Crutchfield: Totally, me too.

McCaughan:It's a little bit of a cleanup situation, as long as the first two or three are really good and set the tone. With "Your Hologram," which is the first song on Non-Believers, it had to be the first song because of the way it starts and the instrumentation. It was a lot about giving people a sense from the beginning: Here's the ecosystem of the album.

Crutchfield: That makes sense; I like that way of thinking. On Ivy Tripp I made "Breathless" the first song because there's part of me that wants to challenge my listeners. It is striking, it doesn't really sound like any other song on the record. I couldn't put it anywhere else, it's the only way for it to be on the record.

McCaughan:I hadn't really thought about it that way, like, where else you would put that if you tried to move it out of that place? It's great because it makes you pay attention. Certainly a lot of people buy records on vinyl, and that's the best way to pay attention to a record, but for people who aren't listening to it that way, you have to get them to stop for a second and stop shuffling and stop skipping ahead. Having a song like that first is a good way to do that.

It's interesting to hear you guys talk about knowing what the "best song" on your album is. As you're playing those songs live for six months, does your conception of what the "best song" is change over time?

Crutchfield: I say I know what the best song on the record is, but I recognize that my perspective on my own music is completely warped. It's kind of like looking at a photo of yourself, you don't even really know what you're looking at sometimes, because it's just weird to look at yourself that way. I don't really know what the world feels about this, I just don't have that kind of self-awareness when it comes to my own music. I have favorites, I have songs that I think are the best, and that does change sometimes. My relationship to all the songs evolves.

McCaughan: To me, the best song on a lot of records I've done are the ones that feel like they required the least effort, even if they did require more effort. Sometimes that does change as you play things live and you realize, wow, people really like this weird song that I like, but I didn't really think anyone else would; or that they really like a song I don't even really like that much, but that everybody else does. To me, the songs that I usually think are the "best" are the ones that are the most fun to play live, and that can change over time.

Mac, when you describing your current working process, you said you have to compartmentalize everything, and Katie, you seemed intrigued by that idea. And then Katie you were talking about touring six months out of the year, which Mac, you're not doing any more. When you look at where each other's careers are, does it seem exciting or like what you wish you were doing?

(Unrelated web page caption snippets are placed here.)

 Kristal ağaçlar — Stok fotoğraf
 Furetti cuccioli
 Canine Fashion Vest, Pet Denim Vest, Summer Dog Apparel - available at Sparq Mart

McCaughan: I like the idea of being able to tour six months of the year much more than I like the reality of touring six months out of the year.

Crutchfield: I see the way Mac is right now, where he's at in his career, and it's sort of like, yeah, I'd like to be there someday. I'd like to not be on tour six months out of the year and be able to compartmentalize my process and sit down with a guitar for two hours and write a song because that's the only time I have to do that. I assume that Mac can maybe look at me and my career and think that's maybe how you were a little bit.

McCaughan: Yeah, that's a lot of what connected with me about your music, recognizing some sort of kinship to what we were doing a long time ago. Doing limited touring with Superchunk over the last couple of records doesn't make me want to be away from home any more, because that's the hard thing about touring, but it does make me miss the likelihood of having those shows where you're in some small town or a foreign city where you don't know what to expect, and then you have some incredible experience — a great show or just some great people that you meet. That part of touring I do miss. For me it's just a matter of balancing wanting to play the songs and wanting to play them for people who want to hear them and wanting to be in these strange situations, but also not wanting to be away from my family and home for long periods of time. It's a constant evaluation that you have to make as things change in your life outside of music.